Each time Woolf sat down to write, she was filled with this sense of duty, to be gentle in her writing, to be pure, to be unselfish. The problem with this is that it does not make for good writing. It also does not lend itself to fully expressing who we are at any level. Who we are is found deep inside, in the blood, in the organs that thump their way through, in the silence where the soul speaks, and in the full stop. Woolf knew that to reach that place she would have to end it. She would have to kill the Angel in the House.
I turned upon her and caught her by the throat. I did my best to kill her. My excuse, if I were to be had up in a court of law, would be that I acted in self-defense. Had I not killed her she would have killed me. She would have plucked the heart out of my writing. Thus whenever I felt the shadow of her wing or the radiance of her halo upon my page, I took up the inkpot and flung it at her. She died hard. Her fictitious nature was of great assistance to her. It is far harder to kill a phantom than a reality. She was always creeping back when I thought I had dispatched her. Though I flatter myself that I killed her in the end, the struggle was severe; it took much time that had better have been spent upon learning Greek grammar, or in roaming the world in search of adventures. But it was a real experience . . . . Killing the Angel in the House was part of the occupation of a woman writer.
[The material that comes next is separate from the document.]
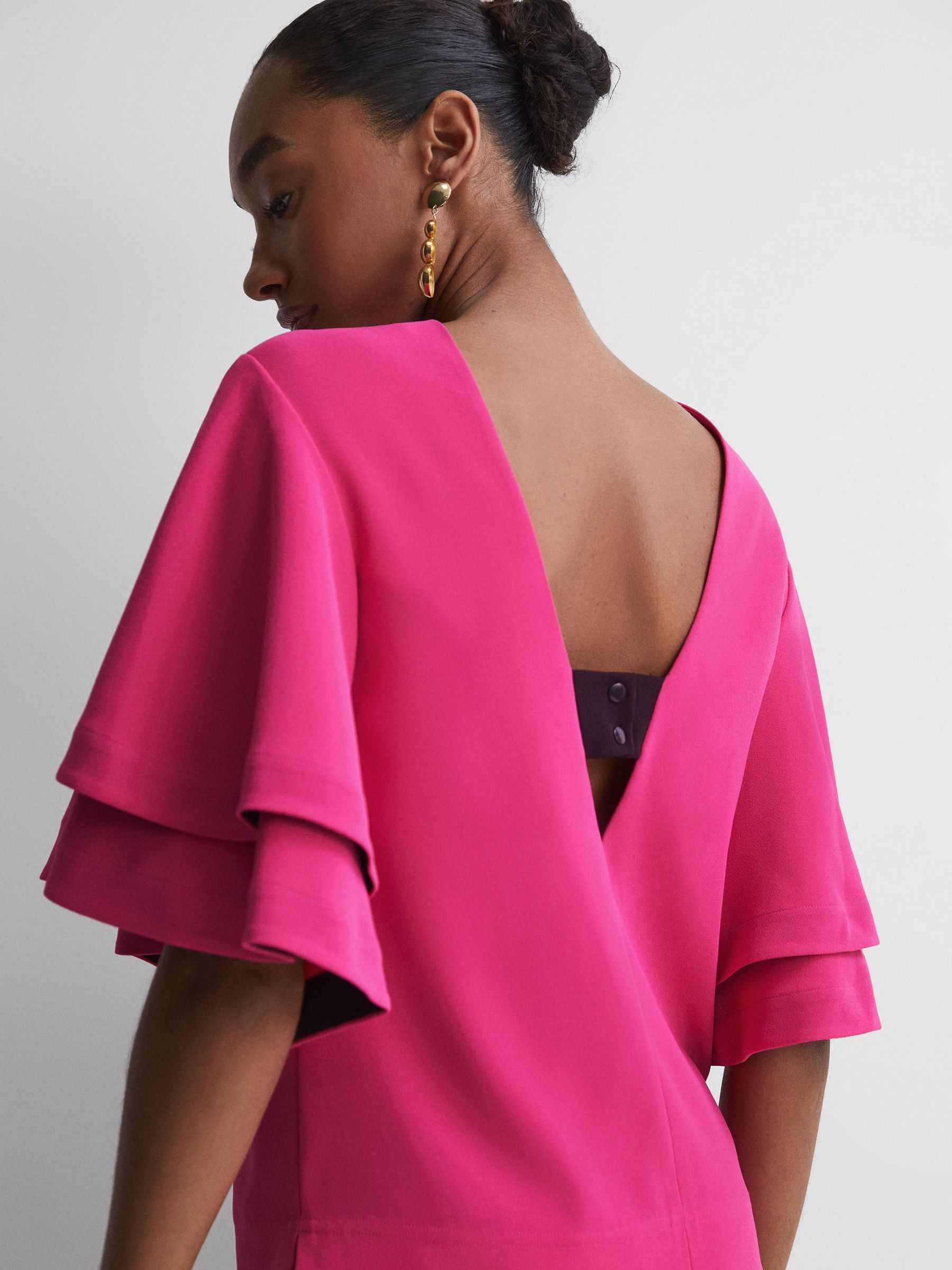 Florere Tiered Sleeve Top in Bright Pink - Image 4 of 5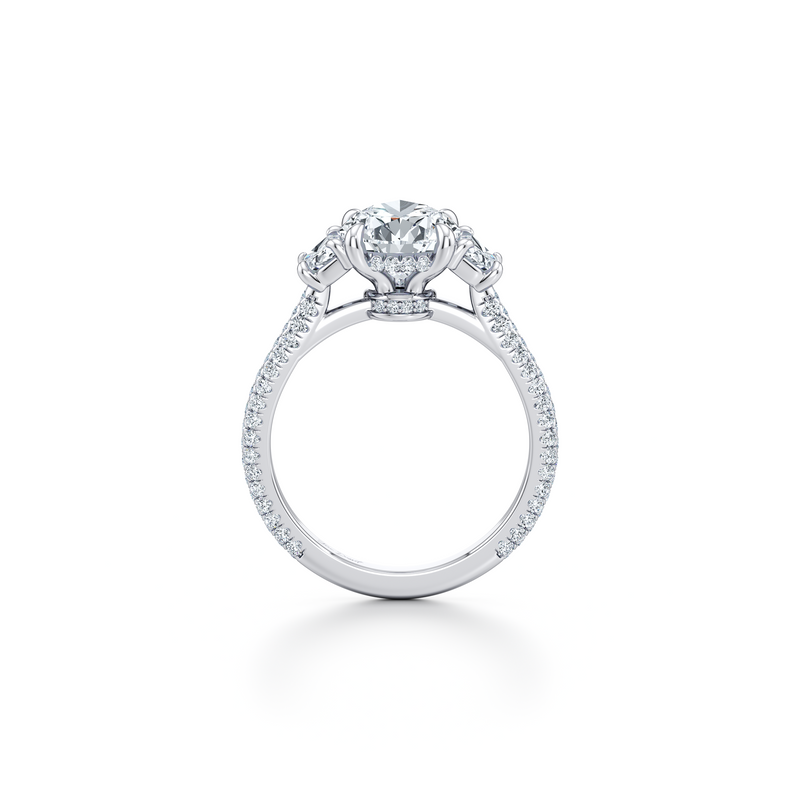 Chelsea Half-Moon Three Stone Lab Diamond Engagement Ring image 64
What was my Angel in the House? To whom and to what did I feel a sense of duty that flung me outside of myself? My answer would be similar to Woolf’s but brought into this century. There is an underlying fear of being perceived as selfish as I lock myself away to do the work that calls me. The phone rings, a text comes through, the side door squeaks and I am pulled out – am I needed somewhere? Am I being more responsible if I am at the gym or with a client or laundering my sheets or reading up on mitochondria?
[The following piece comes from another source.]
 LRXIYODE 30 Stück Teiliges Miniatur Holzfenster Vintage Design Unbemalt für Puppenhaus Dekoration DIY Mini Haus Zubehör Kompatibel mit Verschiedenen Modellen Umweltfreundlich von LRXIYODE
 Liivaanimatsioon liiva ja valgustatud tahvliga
So here’s what I did: on a pink Post-it Note I wrote the words “Kill the Angel” and pressed it to the printer on my desk. I became aware of each moment that pulled me out of my work and questioned it – what situation, what urge, justifies leaving my desk? In what moments can I say, “No, I need quiet right now.” Sometimes the reasons for popping out of the depths are valid but mostly they are angels in the house distracting me from my real work. I can tell that yes, this will be a struggle and I’m wondering if I should buy a case of inkpots.
We all have angels in the house. What are yours?